▶ EXERCISE GOAL:
Check each line of the listing below for the word "reduce" and say how many lines have it. Nothing else should be written.

▶ DATASET RECORDS:

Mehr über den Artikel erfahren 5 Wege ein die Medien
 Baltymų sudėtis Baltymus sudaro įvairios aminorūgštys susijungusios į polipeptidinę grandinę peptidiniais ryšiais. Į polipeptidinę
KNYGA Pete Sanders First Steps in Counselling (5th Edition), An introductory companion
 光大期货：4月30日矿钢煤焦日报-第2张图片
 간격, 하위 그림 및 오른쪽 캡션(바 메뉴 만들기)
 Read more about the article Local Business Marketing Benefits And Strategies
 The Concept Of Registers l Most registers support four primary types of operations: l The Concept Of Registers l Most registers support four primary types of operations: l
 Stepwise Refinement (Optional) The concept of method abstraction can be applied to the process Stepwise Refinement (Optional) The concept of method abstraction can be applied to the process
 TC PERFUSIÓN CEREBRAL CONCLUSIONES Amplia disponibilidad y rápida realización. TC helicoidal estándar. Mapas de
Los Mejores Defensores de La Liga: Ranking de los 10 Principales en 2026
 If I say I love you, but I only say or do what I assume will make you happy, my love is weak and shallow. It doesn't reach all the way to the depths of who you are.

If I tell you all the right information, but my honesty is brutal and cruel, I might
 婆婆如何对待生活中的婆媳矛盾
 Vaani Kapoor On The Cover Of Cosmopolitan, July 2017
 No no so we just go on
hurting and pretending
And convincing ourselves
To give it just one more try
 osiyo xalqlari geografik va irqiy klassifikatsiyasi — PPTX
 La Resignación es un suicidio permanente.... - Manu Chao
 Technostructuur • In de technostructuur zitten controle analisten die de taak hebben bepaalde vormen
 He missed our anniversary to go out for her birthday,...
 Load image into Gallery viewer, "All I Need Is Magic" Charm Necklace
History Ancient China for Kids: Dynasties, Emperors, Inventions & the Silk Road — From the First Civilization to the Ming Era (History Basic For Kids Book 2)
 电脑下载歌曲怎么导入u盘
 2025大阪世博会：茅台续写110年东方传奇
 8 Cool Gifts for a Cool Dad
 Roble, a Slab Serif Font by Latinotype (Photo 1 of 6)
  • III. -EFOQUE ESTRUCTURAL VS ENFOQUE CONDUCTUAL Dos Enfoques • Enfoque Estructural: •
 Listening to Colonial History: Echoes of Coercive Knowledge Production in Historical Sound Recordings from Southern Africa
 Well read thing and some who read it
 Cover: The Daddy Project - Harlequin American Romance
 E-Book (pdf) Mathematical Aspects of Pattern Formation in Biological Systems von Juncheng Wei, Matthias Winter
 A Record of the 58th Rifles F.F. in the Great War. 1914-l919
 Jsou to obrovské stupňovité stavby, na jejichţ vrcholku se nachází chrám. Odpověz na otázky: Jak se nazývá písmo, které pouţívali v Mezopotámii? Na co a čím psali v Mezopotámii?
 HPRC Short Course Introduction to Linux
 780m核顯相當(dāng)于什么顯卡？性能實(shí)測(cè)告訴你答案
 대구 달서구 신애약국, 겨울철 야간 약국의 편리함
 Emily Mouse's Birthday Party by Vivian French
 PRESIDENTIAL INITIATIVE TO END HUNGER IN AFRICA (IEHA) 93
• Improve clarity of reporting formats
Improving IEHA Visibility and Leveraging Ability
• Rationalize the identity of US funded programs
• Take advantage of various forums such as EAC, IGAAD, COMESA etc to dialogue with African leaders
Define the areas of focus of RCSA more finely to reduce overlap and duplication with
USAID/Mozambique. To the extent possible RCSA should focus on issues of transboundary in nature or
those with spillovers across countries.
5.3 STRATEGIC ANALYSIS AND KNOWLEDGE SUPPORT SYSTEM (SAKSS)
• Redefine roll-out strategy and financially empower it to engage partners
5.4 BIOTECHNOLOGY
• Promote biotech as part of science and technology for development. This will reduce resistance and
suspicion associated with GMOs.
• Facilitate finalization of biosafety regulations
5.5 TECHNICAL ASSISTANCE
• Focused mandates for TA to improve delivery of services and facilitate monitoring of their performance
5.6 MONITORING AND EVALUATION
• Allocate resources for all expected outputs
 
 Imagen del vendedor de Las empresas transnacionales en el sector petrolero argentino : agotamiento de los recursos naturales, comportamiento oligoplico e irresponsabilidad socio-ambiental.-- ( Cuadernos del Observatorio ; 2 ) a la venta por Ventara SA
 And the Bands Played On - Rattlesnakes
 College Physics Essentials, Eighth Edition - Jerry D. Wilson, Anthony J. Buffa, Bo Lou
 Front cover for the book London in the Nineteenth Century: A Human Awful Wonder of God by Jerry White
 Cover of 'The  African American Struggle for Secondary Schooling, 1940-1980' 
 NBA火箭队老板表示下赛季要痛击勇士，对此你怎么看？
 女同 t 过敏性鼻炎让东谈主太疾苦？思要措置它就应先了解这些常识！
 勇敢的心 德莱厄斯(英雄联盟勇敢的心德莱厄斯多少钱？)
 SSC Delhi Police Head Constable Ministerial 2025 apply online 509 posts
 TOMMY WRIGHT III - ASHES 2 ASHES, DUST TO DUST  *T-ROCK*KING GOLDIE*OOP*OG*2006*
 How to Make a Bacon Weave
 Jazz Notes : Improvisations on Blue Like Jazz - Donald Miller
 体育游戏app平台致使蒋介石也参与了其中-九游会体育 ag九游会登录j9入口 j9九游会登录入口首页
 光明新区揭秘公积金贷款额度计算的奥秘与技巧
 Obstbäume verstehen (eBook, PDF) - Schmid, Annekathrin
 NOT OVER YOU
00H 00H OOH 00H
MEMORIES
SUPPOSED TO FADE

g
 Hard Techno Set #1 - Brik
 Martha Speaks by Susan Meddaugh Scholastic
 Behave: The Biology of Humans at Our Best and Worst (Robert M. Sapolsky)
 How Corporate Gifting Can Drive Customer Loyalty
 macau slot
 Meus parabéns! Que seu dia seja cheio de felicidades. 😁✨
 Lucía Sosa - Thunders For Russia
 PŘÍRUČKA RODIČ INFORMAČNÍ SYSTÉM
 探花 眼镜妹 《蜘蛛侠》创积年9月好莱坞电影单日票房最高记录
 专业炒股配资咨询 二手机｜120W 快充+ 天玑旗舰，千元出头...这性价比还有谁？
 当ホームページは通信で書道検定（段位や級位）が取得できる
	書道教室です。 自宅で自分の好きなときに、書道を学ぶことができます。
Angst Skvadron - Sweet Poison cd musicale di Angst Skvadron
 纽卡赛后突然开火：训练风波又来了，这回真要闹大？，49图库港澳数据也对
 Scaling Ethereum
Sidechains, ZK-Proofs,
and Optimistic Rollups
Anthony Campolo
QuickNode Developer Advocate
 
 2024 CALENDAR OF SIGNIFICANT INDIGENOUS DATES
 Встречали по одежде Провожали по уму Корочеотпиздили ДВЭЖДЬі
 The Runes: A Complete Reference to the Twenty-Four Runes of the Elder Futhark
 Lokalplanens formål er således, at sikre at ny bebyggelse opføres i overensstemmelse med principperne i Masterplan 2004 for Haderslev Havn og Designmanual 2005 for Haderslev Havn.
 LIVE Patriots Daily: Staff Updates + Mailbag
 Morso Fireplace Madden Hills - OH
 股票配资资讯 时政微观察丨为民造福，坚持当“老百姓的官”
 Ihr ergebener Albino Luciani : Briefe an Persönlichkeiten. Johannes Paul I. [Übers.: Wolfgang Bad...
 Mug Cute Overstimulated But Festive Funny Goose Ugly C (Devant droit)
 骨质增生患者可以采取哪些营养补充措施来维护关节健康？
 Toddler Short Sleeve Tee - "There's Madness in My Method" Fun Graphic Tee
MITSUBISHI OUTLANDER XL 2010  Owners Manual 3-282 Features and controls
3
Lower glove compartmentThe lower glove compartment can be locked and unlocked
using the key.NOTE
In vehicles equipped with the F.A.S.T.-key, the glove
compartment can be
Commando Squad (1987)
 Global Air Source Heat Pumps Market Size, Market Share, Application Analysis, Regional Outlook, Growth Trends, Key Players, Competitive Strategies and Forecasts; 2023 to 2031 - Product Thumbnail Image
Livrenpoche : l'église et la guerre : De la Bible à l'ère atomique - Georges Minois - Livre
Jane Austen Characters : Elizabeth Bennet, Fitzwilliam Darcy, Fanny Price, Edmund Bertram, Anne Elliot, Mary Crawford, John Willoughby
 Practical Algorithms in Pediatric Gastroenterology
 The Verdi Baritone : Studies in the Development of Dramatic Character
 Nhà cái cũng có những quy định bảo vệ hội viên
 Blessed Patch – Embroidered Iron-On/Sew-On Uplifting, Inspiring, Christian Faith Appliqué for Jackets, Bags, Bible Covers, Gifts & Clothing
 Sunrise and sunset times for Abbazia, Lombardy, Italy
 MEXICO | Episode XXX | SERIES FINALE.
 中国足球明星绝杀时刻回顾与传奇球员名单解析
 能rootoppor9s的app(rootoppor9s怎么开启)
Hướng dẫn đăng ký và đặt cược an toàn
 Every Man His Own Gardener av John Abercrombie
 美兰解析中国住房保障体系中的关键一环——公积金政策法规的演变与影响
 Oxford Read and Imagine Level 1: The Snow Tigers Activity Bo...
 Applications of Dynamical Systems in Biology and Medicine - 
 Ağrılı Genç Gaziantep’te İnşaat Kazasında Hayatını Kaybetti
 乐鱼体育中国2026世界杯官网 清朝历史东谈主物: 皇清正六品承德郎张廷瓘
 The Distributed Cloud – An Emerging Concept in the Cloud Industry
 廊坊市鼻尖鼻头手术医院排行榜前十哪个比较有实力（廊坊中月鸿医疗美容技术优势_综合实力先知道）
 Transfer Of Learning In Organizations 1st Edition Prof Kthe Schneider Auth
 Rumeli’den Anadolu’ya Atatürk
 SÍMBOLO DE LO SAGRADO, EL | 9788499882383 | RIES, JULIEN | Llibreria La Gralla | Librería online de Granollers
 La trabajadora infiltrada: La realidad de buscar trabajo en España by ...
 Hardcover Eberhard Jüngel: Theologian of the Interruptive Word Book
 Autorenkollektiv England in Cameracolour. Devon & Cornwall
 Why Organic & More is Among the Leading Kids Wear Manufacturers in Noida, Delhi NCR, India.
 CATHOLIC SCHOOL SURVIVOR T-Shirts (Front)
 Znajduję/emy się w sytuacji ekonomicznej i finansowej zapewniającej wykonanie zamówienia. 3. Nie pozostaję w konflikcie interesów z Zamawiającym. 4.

▶ YOUR SOLUTION:
2